* **THE RECORDS**

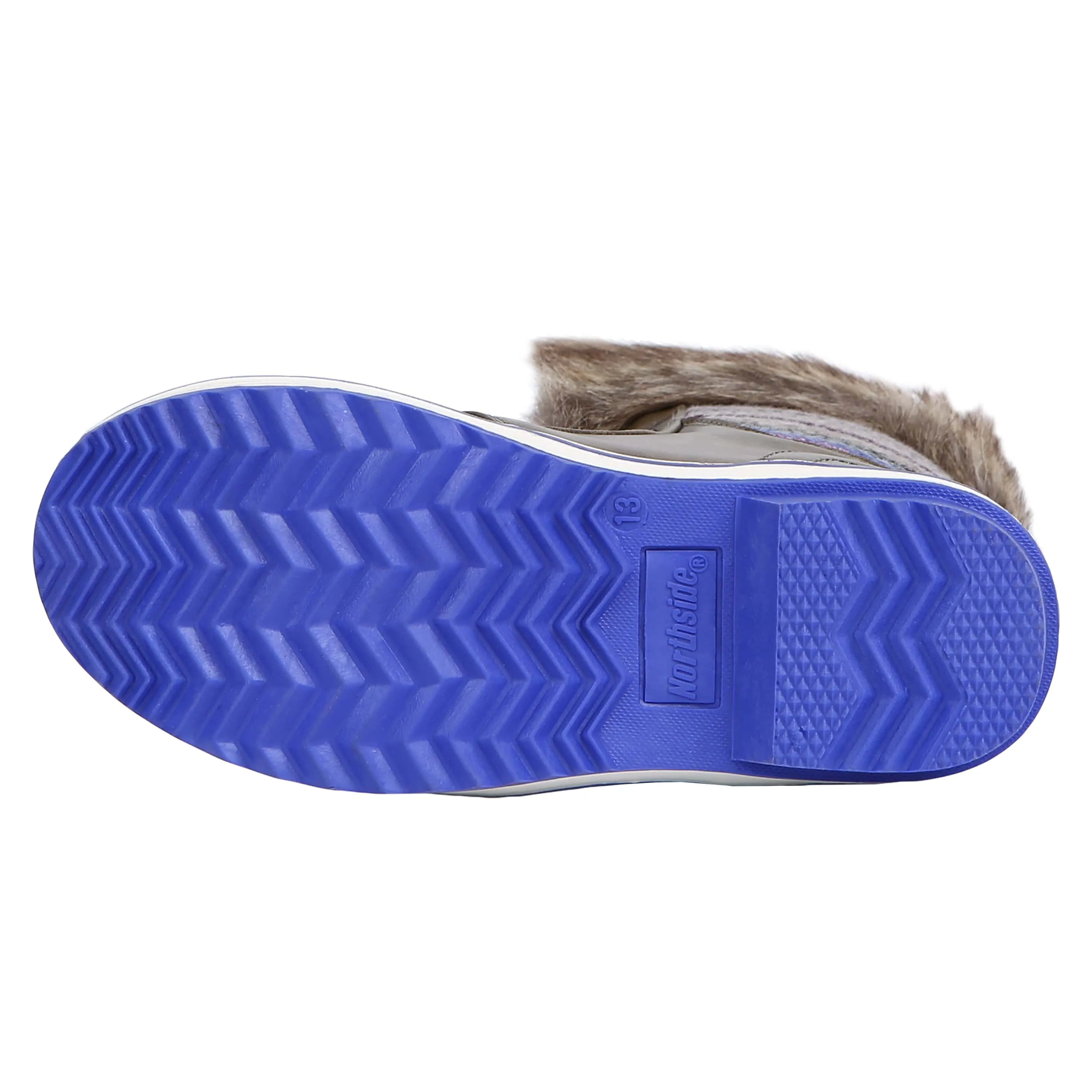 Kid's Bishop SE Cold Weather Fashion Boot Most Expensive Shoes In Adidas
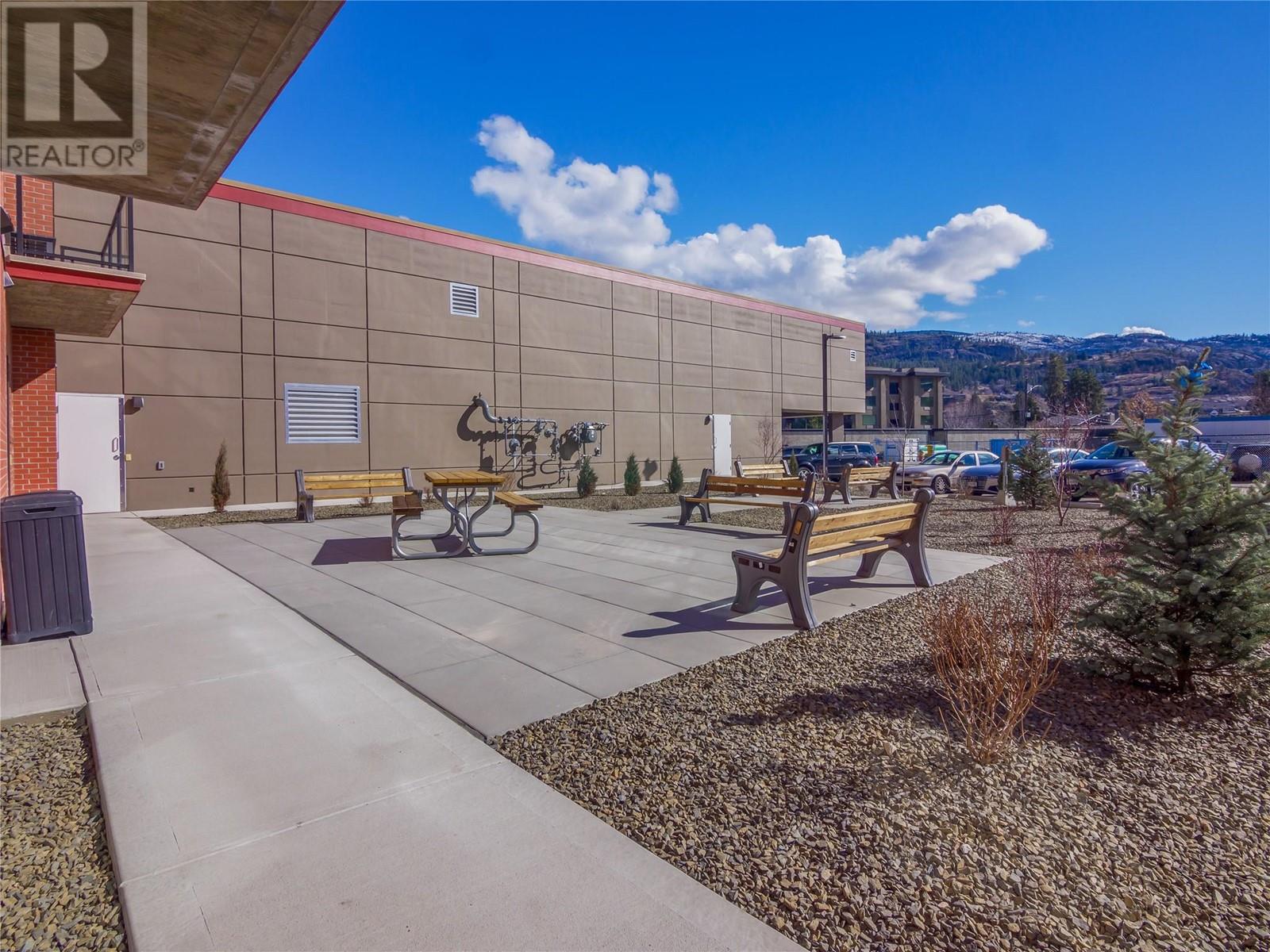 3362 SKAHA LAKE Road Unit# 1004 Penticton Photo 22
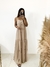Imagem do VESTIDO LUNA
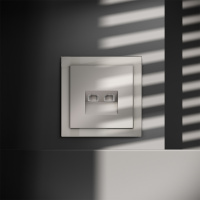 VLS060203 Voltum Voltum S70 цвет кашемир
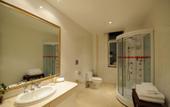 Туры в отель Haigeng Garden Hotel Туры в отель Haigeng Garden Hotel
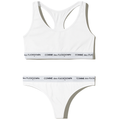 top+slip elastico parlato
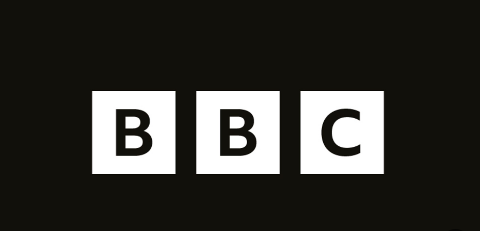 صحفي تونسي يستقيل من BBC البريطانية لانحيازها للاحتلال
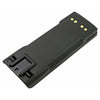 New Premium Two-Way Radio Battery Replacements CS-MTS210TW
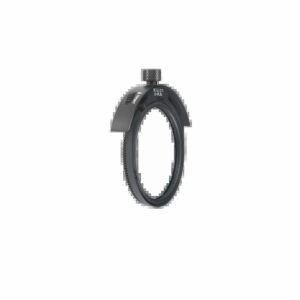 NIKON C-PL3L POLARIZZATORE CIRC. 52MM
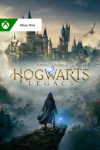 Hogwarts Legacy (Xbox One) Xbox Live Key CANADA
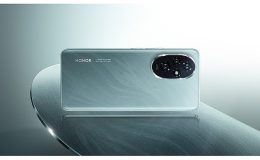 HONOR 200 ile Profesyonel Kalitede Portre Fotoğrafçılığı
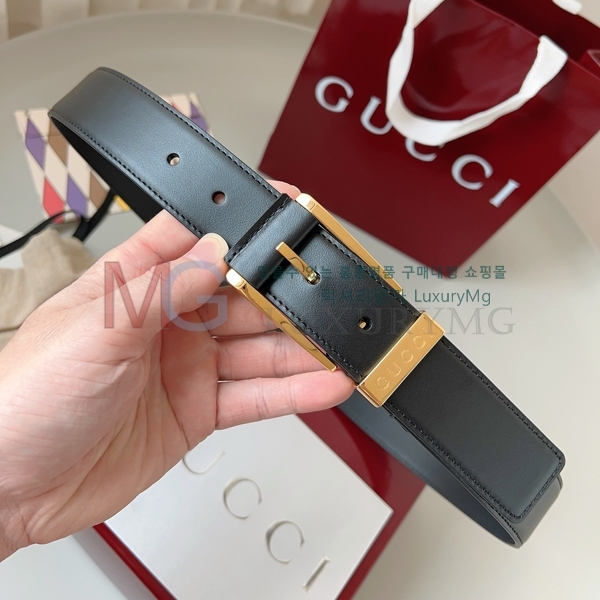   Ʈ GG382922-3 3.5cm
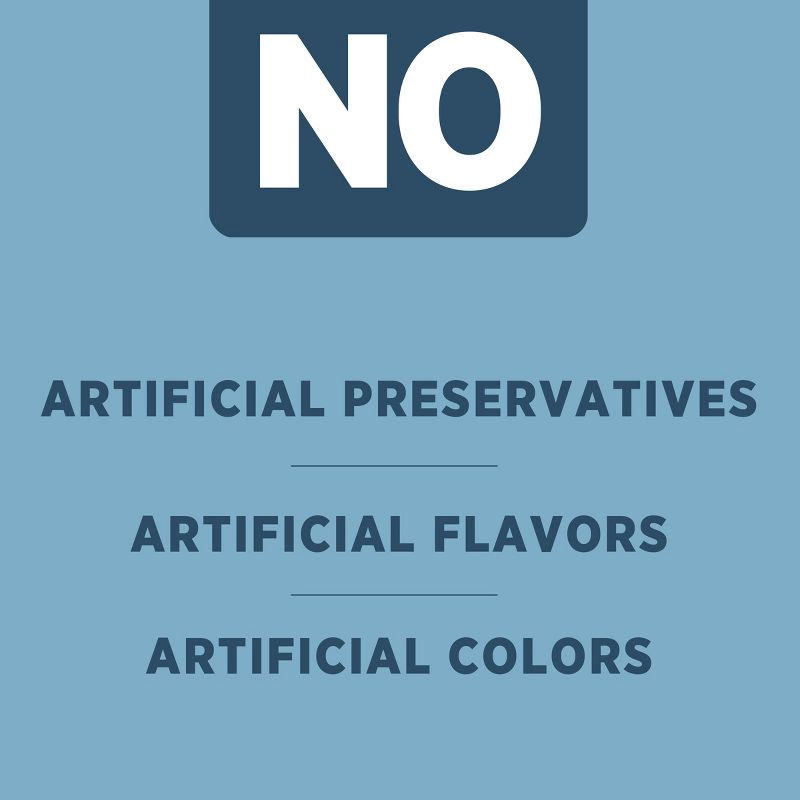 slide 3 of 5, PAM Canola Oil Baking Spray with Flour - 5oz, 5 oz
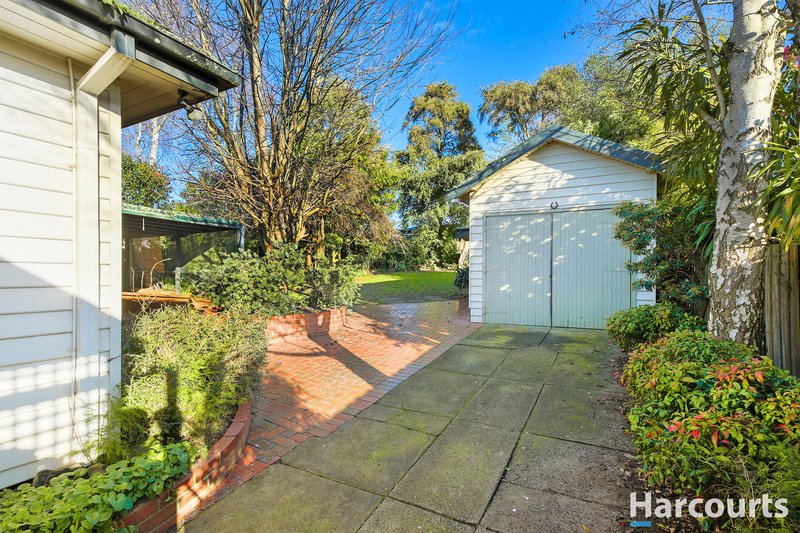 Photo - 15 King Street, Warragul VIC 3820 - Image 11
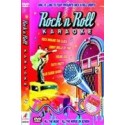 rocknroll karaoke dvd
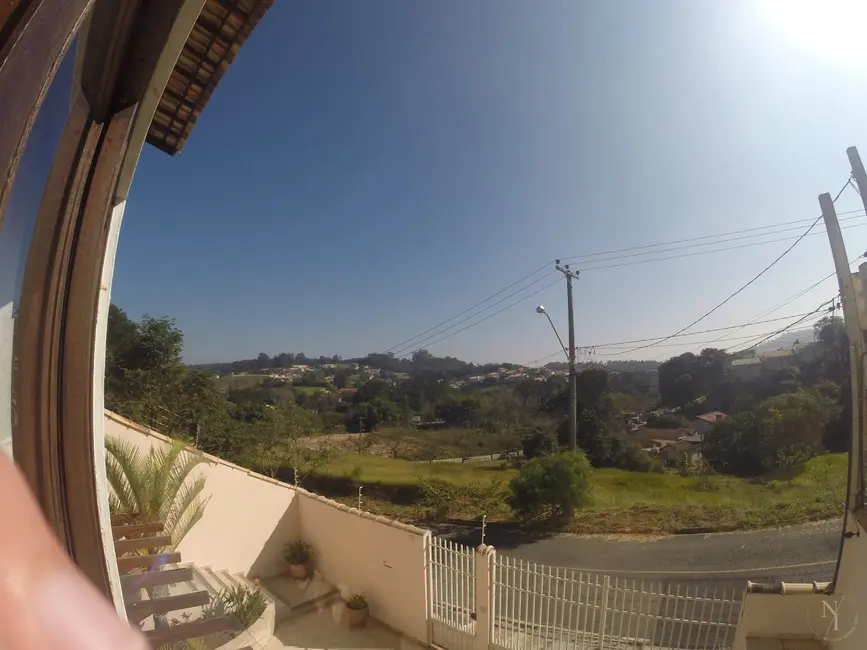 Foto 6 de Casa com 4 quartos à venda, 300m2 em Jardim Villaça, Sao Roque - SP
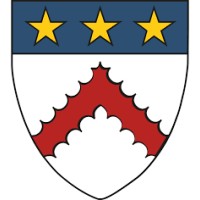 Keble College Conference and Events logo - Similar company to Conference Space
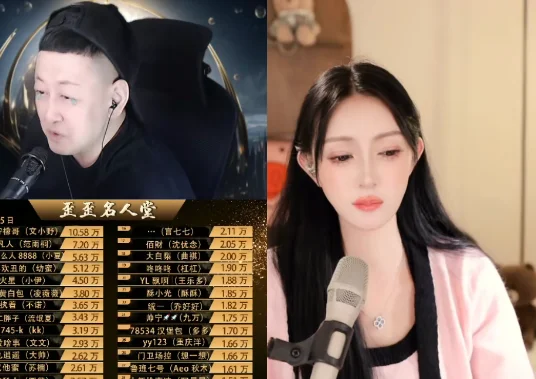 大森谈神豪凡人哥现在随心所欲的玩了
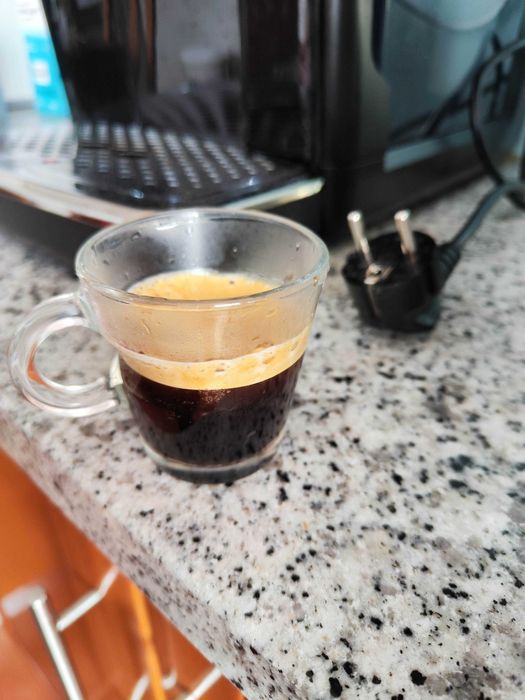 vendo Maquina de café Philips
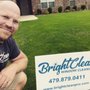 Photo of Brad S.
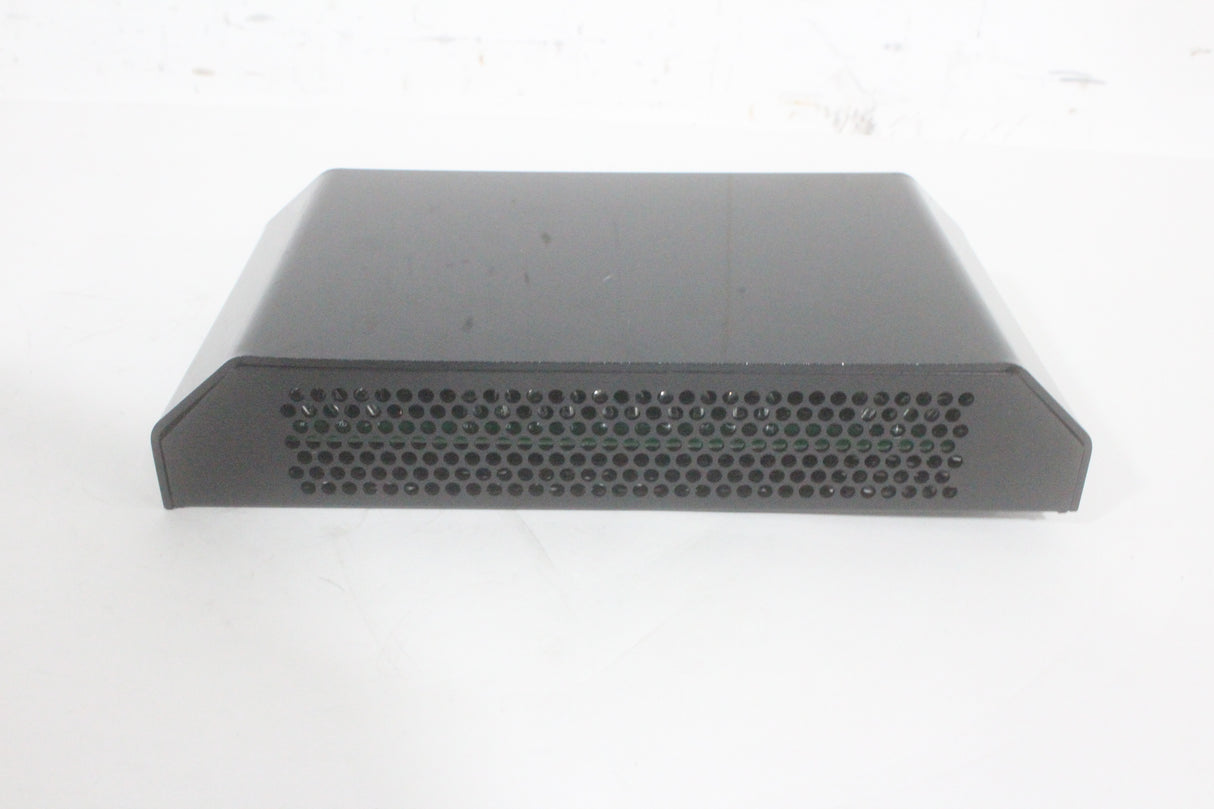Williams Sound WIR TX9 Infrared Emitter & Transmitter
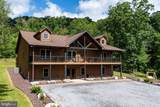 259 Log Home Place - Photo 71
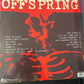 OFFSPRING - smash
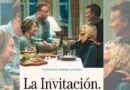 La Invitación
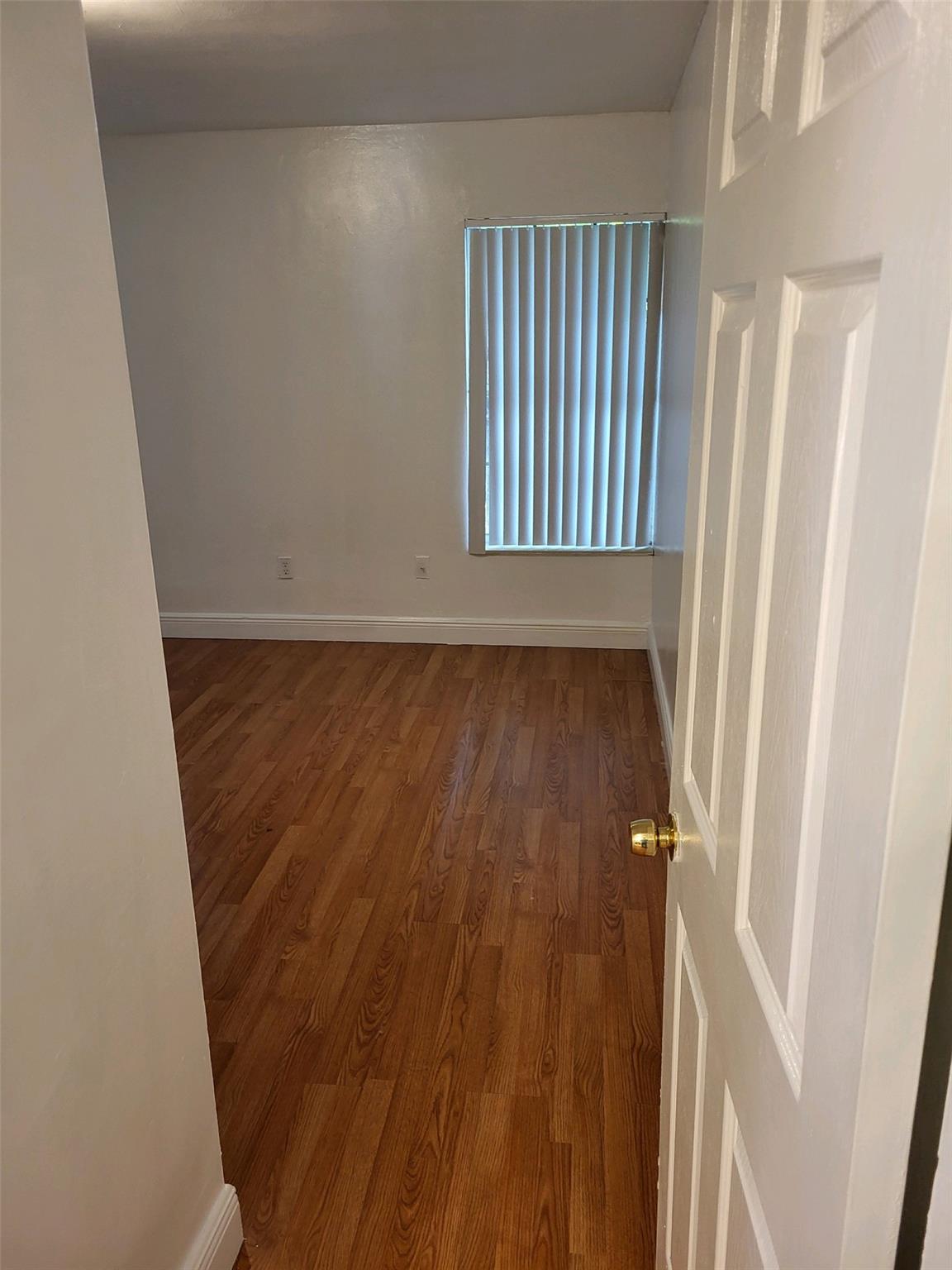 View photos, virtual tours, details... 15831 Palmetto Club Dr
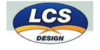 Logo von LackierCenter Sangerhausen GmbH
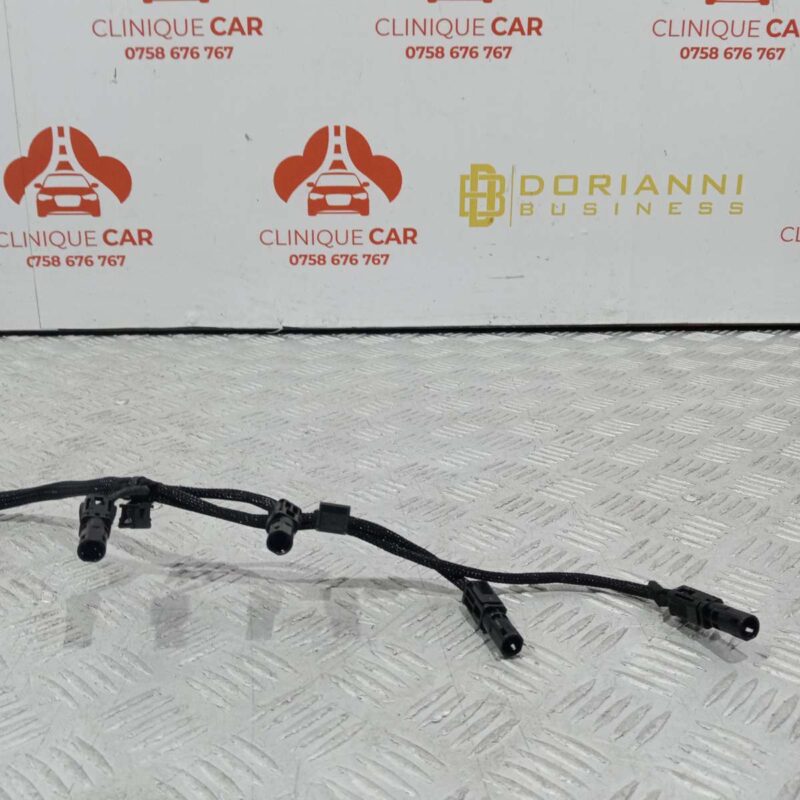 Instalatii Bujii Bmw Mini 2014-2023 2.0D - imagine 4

* **REQUIREMENT**
Copy the data word for word and omit every picture.

* **EXERCISE RESPONSE**
 Kid's Bishop SE Cold Weather Fashion Boot Most Expensive Shoes In Adidas
 3362 SKAHA LAKE Road Unit# 1004 Penticton Photo 22
Imagem do VESTIDO LUNA
 VLS060203 Voltum Voltum S70 цвет кашемир
 Туры в отель Haigeng Garden Hotel Туры в отель Haigeng Garden Hotel
 top+slip elastico parlato
 صحفي تونسي يستقيل من BBC البريطانية لانحيازها للاحتلال
 New Premium Two-Way Radio Battery Replacements CS-MTS210TW
 NIKON C-PL3L POLARIZZATORE CIRC. 52MM
 Hogwarts Legacy (Xbox One) Xbox Live Key CANADA
 HONOR 200 ile Profesyonel Kalitede Portre Fotoğrafçılığı
   Ʈ GG382922-3 3.5cm
 slide 3 of 5, PAM Canola Oil Baking Spray with Flour - 5oz, 5 oz
 Photo - 15 King Street, Warragul VIC 3820 - Image 11
 rocknroll karaoke dvd
 Foto 6 de Casa com 4 quartos à venda, 300m2 em Jardim Villaça, Sao Roque - SP
 Keble College Conference and Events logo - Similar company to Conference Space
 大森谈神豪凡人哥现在随心所欲的玩了
 vendo Maquina de café Philips
 Photo of Brad S.
Williams Sound WIR TX9 Infrared Emitter & Transmitter
 259 Log Home Place - Photo 71
 OFFSPRING - smash
 La Invitación
 View photos, virtual tours, details... 15831 Palmetto Club Dr
 Logo von LackierCenter Sangerhausen GmbH
 Instalatii Bujii Bmw Mini 2014-2023 2.0D - imagine 4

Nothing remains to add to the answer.